What the task asks
These records contain pictures, which must be left out; copy exactly the lines from the one with "this 810×558 image." up to and including the one with "this 640×480 image.".

Material provided

*** Block opens ***

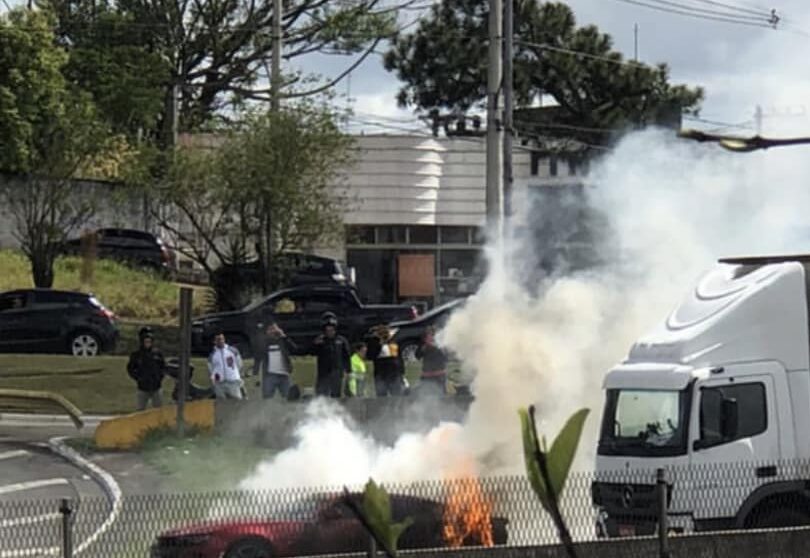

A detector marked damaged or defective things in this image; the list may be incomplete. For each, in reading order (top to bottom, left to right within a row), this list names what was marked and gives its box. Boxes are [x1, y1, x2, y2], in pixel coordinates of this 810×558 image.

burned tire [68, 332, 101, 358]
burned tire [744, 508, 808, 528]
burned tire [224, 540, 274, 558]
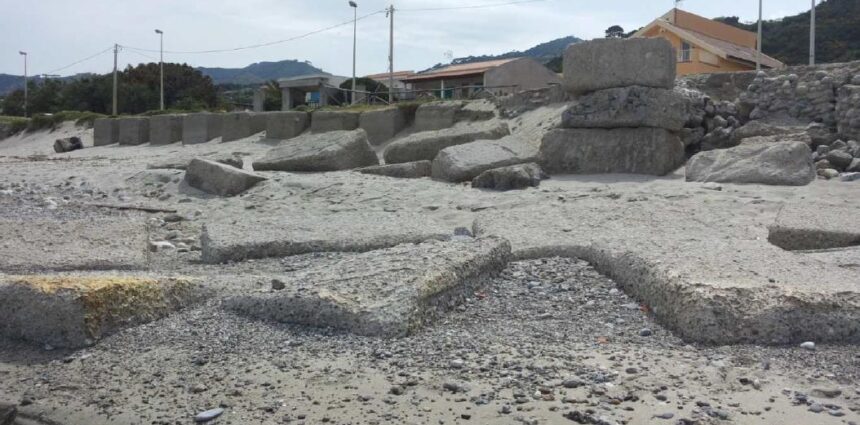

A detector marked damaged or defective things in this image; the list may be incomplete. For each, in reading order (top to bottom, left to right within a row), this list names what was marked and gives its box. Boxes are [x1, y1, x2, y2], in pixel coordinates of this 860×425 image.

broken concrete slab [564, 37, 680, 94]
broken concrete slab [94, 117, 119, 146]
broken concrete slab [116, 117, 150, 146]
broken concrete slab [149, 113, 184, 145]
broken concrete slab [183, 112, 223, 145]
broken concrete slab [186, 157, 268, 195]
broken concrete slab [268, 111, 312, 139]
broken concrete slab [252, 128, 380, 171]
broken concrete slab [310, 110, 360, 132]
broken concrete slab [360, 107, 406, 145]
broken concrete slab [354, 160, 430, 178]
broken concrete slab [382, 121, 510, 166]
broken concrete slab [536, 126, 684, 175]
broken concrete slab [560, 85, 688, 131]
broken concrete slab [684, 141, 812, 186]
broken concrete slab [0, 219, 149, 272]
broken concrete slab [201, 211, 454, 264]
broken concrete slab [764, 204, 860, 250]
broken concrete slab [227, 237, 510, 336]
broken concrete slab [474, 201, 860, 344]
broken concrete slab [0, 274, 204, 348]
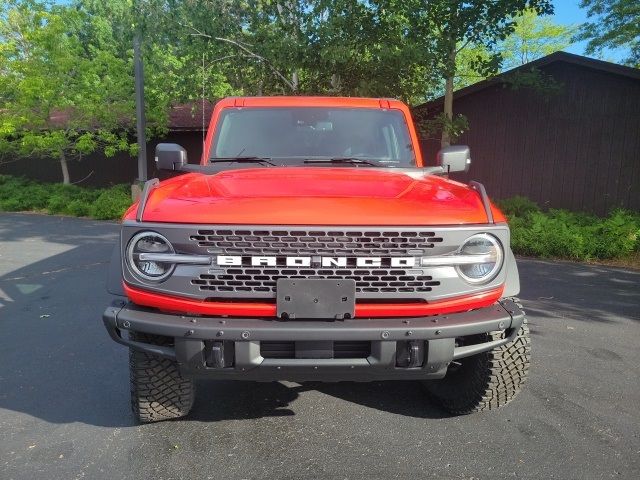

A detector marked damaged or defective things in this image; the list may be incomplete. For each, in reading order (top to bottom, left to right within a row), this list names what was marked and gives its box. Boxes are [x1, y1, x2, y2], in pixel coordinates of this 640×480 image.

*** Block closes ***
*** Block opens ***

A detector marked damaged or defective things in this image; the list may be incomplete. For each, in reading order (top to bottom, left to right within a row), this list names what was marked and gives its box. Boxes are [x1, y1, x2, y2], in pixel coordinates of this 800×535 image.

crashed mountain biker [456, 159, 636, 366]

*** Block closes ***
*** Block opens ***

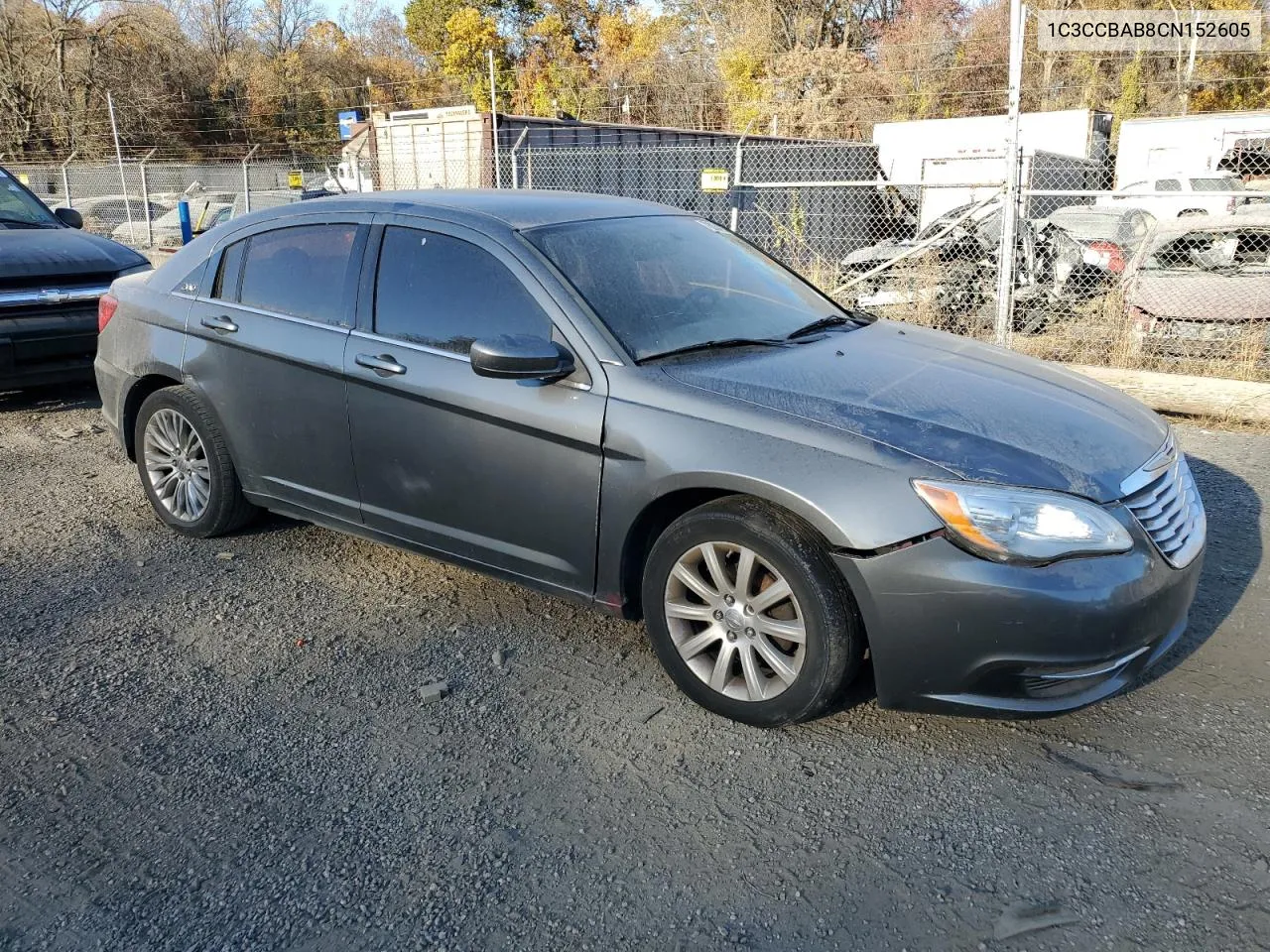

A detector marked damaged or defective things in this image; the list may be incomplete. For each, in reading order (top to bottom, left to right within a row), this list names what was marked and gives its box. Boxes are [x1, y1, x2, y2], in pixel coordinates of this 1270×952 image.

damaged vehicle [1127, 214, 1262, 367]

*** Block closes ***

Exercise answer
A detector marked damaged or defective things in this image; the list may be incomplete. For each, in reading order (top to bottom, left to right within a row), this list names what was marked and gives its box. Boxes are [x1, y1, x2, y2], in pixel coordinates of this 810×558 image.

burned tire [68, 332, 101, 358]
burned tire [744, 508, 808, 528]
burned tire [224, 540, 274, 558]

A detector marked damaged or defective things in this image; the list may be incomplete. For each, in reading order (top to bottom, left to right within a row), this list names what was marked and gives its box. Boxes are [x1, y1, x2, y2], in pixel coordinates of this 860×425 image.

broken concrete slab [564, 37, 680, 94]
broken concrete slab [94, 117, 119, 146]
broken concrete slab [116, 117, 150, 146]
broken concrete slab [149, 113, 184, 145]
broken concrete slab [183, 112, 223, 145]
broken concrete slab [186, 157, 268, 195]
broken concrete slab [268, 111, 312, 139]
broken concrete slab [252, 128, 380, 171]
broken concrete slab [310, 110, 360, 132]
broken concrete slab [360, 107, 406, 145]
broken concrete slab [354, 160, 430, 178]
broken concrete slab [382, 121, 510, 166]
broken concrete slab [536, 126, 684, 175]
broken concrete slab [560, 85, 688, 131]
broken concrete slab [684, 141, 812, 186]
broken concrete slab [0, 219, 149, 272]
broken concrete slab [201, 211, 454, 264]
broken concrete slab [764, 204, 860, 250]
broken concrete slab [227, 237, 510, 336]
broken concrete slab [474, 201, 860, 344]
broken concrete slab [0, 274, 204, 348]

A detector marked damaged or defective things in this image; the list may be incomplete. For each, in reading order (top to bottom, left to right within a row), this list names what was marked and gives its box. Boxes are [x1, y1, x2, y2], in pixel coordinates of this 640×480 image.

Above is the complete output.